## DIRECTIONS FOR THIS TASK
Pictures aside, repeat the whole listing word for word.

## EXERCISE DATA
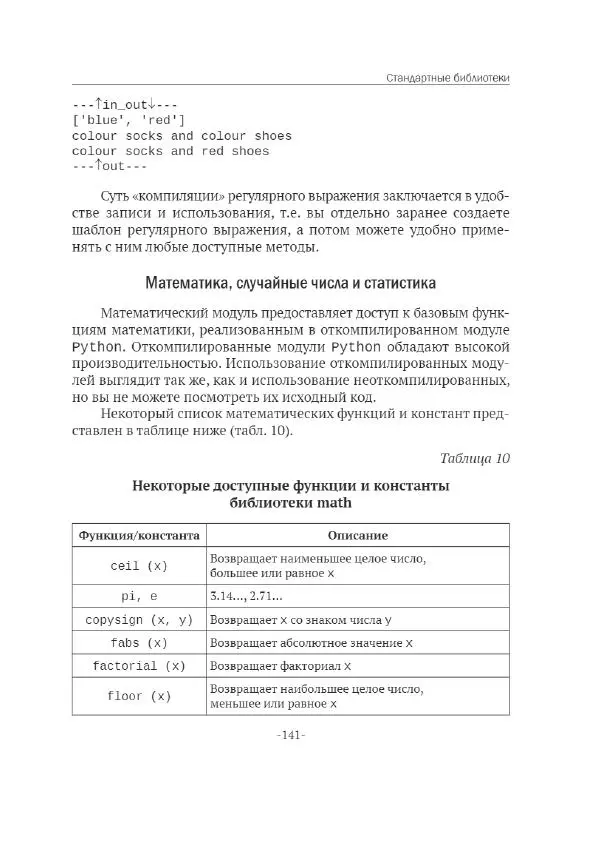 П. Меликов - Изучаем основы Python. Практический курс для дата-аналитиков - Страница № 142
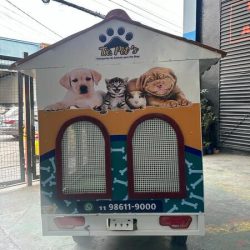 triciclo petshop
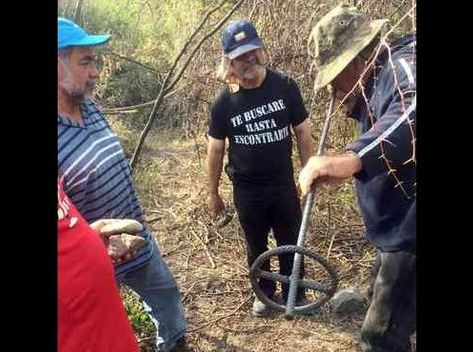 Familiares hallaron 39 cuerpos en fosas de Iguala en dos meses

## EXERCISE ANSWER
 П. Меликов - Изучаем основы Python. Практический курс для дата-аналитиков - Страница № 142
 triciclo petshop
 Familiares hallaron 39 cuerpos en fosas de Iguala en dos meses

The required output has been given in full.